§ **Supplied data**

^^^^^^^^

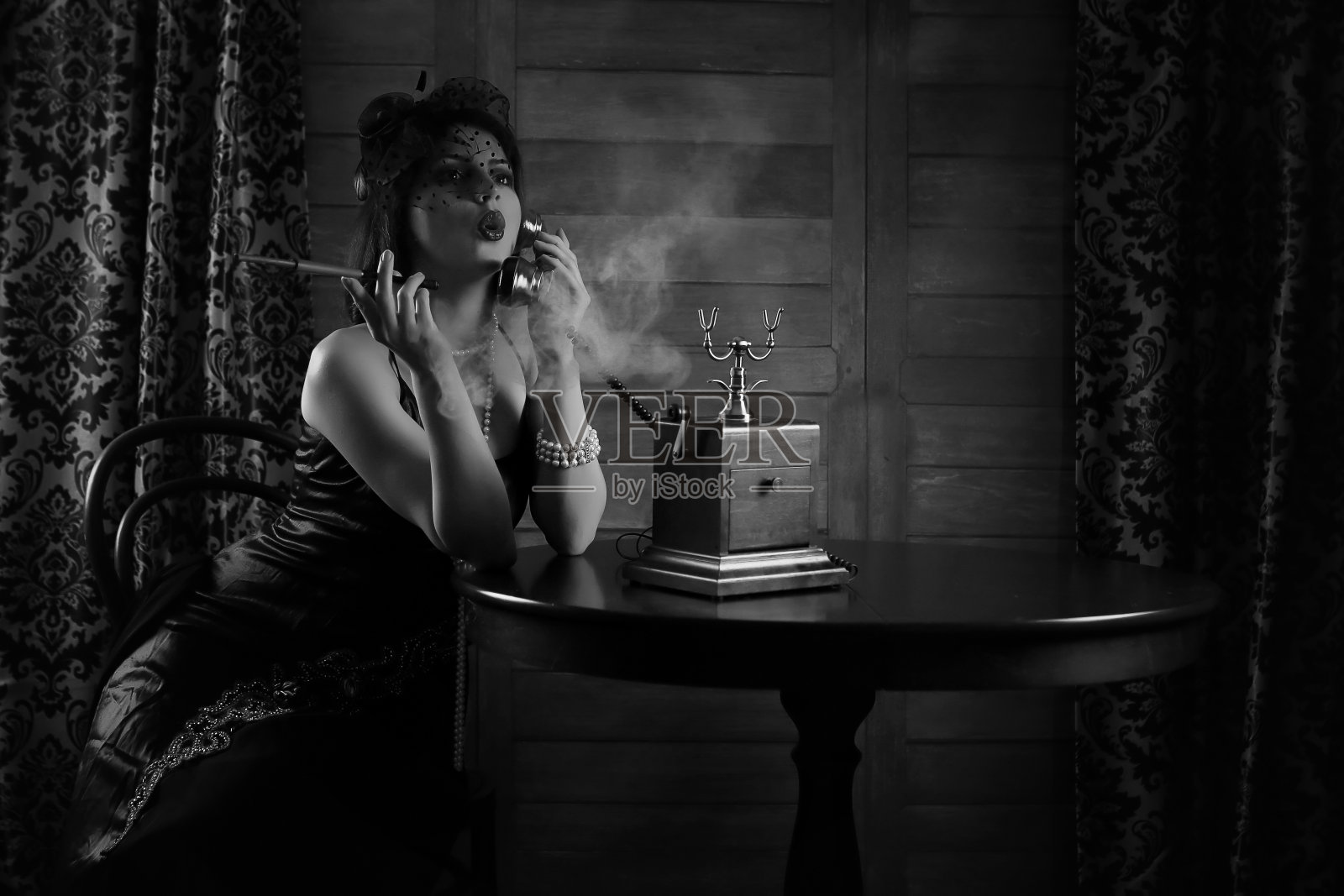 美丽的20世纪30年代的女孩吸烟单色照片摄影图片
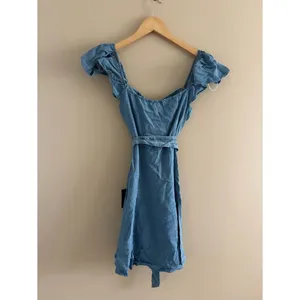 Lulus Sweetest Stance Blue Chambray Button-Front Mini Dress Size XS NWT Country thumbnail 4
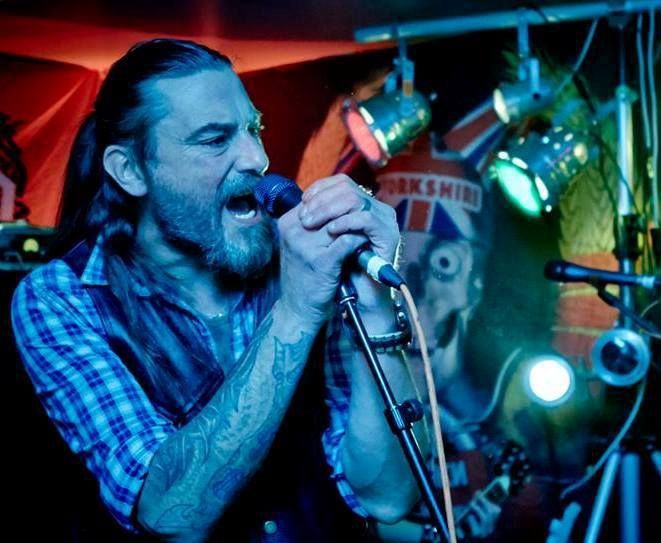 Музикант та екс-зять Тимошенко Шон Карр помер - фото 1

^^^^^^^^

Copy the listing above verbatim, leaving out pictures.

§ **Task output**
 美丽的20世纪30年代的女孩吸烟单色照片摄影图片
 Lulus Sweetest Stance Blue Chambray Button-Front Mini Dress Size XS NWT Country thumbnail 4
 Музикант та екс-зять Тимошенко Шон Карр помер - фото 1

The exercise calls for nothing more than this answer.